February 8, 2001
THE MODERATOR: First question, please.
Q. Do you need a certain amount of experience to play a second match in that you have to sit through the first, maybe not watching, maybe watching a little, knowing what's happening? Is that a very difficult situation for somebody with relatively little Davis Cup experience?
CAPTAIN JAKOB HLASEK: This question is to me?
CAPTAIN JAKOB HLASEK: Or to Michel?
Q. Either. But I was thinking of you.
CAPTAIN JAKOB HLASEK: I think the rules are as they are. Somebody has to start; somebody has to play second match, no? I think we shouldn't give too much, you know -- these great guys, they all want to win, they all want to play well. They're here. They're used to, you know, to be under pressure. They love it in a way. Okay, it's the second match, so that's how it is. You know, it's not -- they're here for that. They live for that in a way, and I think it's -- experience, when you're young, okay, maybe you have a little bit less experience. But then you're young as well so you have a little bit other strengths that you can come up with.
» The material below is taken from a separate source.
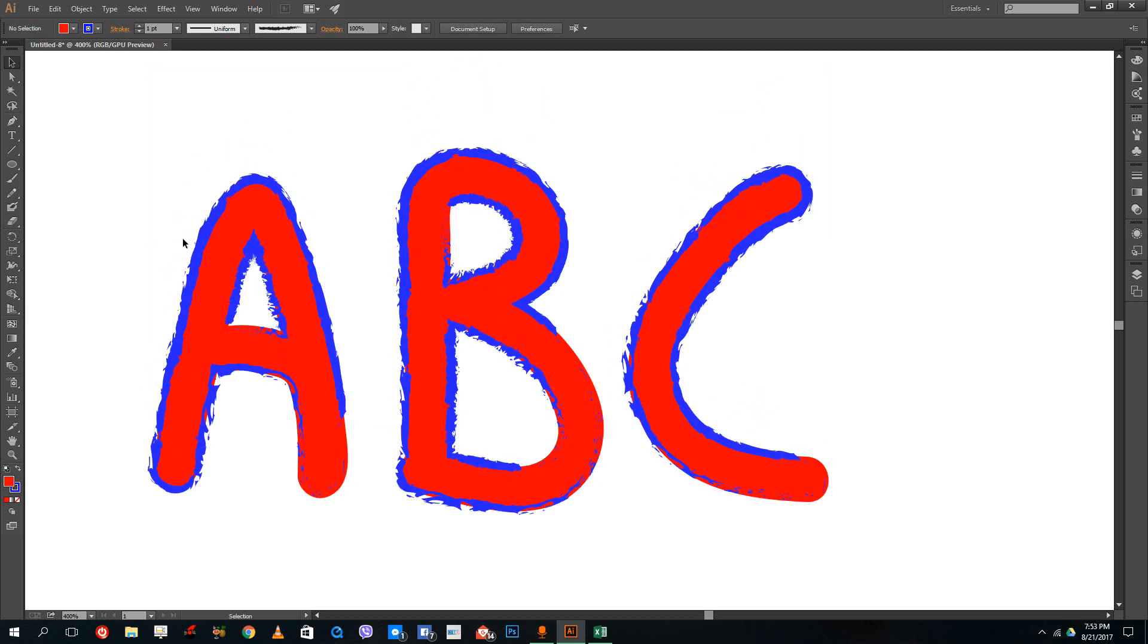This is how you use the pencil tool, blob brush tool, and brush tool in Adobe Illustrator.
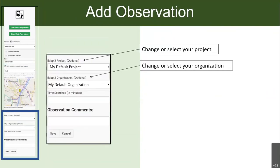If you're interested, you can choose to display your organization or project on the record there. But again, some of that might not apply to you — only if you want to be listed with a certain project, or if you're employed by a PRISM or a different state organization.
You have to go through that if you're gonna be a good player. So it's a normal challenge if you are in a good Davis Cup team and you want to beat the USA, you have to go through that.
Q. In the Davis Cup final, Rafter said he lost his second signals on the first day, he had cramps because he watched too much of the first match. Do you think there's a technique that's needed to sit through the first match?
CAPTAIN JAKOB HLASEK: I don't think there's a book that you can learn from that. I think it's definitely that the second player doesn't know when the match will start. It's an uncertainty that both teams, both players have to come up with. But, you know, they used to wait. Probably they not gonna -- they rooting for the Swiss guy who's playing the first match. But everybody has his own way of coping with that, and Michel will have his own way of coping with that.
ROGER FEDERER: When I was playing second match, I used to stay at the hotel till like two sets and watch it on TV. Of course I would love to see it live but, I mean, you have to focus on your own game because that's what's more important in the end - your performance. So I don't know if Patrick Rafter was watching the whole match from Hewitt.
Q. He said he was.
ROGER FEDERER: Oh, is maybe a mistake. (Laughter.) Would also get tired, is normal. Sitting there for hours, having the atmosphere going, it's a little stress. I prefer to stay at the hotel and wait.
Q. Can you tell us a little bit about how you see this match, a little bit also of the reasons which made you choose Michel as the second singles player instead of George?
CAPTAIN JAKOB HLASEK: Well, the question was in German and I will repeat it in English. I choose, since Davis Cup draw has the possibility to change day by day, my difficult decision, because I think that both have to -- or had reasons to play. And I decided for Michel Kratochvil because I felt that his game is better suited to beat against Jan-Michael Gambill and to win this point. That was my reasoning. I think it's a medium-fast surface here, and I think his game suits very well Jan-Michael Gambill. I'm not going to go too much in details, tactical details, but that's what came up to my analyze and my decision.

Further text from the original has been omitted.